If you or your child are become entangled in the juvenile court system, you may be concerned as to how this will affect his or her life longer-term. Like an adult (over 18) who commits a crime, there are repercussions that could persist long after his or her 18th birthday, sometimes called “collateral consequences.”
What Is A Juvenile?
As of December 2019, anyone under the age of 18 is considered a juvenile. The state’s “Raise The Age” initiative took 16- and 17-year old out of the adult court for most misdemeanors and moved them into the juvenile justice system. So now this age group has the chance for a “clean slate” at the age of 18, and the chance to start over, just as if they were 15 and under.
Additionally, the juvenile justice system in North Carolina (as is in most of the US) focuses on rehabilitation, rather than retribution, although incarceration figures into both. Youths are sent to “correctional facilities” rather than prisons. The idea is that the juveniles will be re-educated to become productive members of society, rather than continually cycling through the criminal justice system.
It’s no secret that juvenile males are more likely to commit crimes than females, and they are arrested more often than females. Juveniles don’t always make the best decisions, particularly quick decisions.
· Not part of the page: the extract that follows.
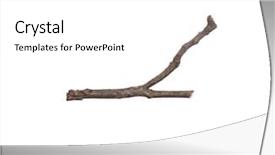  Presentation with single tree - Slide deck consisting of 1 limb - single dry tree branch isolated background and a white colored foreground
Going through the juvenile justice system is expensive for parents, and if they are unable to pay the high-dollar costs of fines and rehabilitation, the charges may follow him or her into adulthood. Because the individual lacks the education, he or she may find themselves unable to find anything but low-paying employment.
An adolescent with a record may be labeled as a “criminal” may face social retribution from family, friends, and others in the community. Some juvenile criminals continue into a life of crime and stay there their entire lives.
Education And Employment
Because more than 60% of colleges and universities include questions about an applicant’s criminal history on their application, juvenile delinquents have a distinct disadvantage for both higher education and employment. While it’s not impossible, it can be difficult to get into higher learning with a criminal history as a juvenile. Many are more likely to ascent to two-year programs rather than four-year programs. However, many arrestees are more likely to drop out of high school, long before they’re anywhere near the point of applying to college or a trade school.
Companies that offer jobs to teenage applicants may be put off by an arrest and/or conviction of a juvenile, and many occupations may prohibit someone with a juvenile arrest record from participating.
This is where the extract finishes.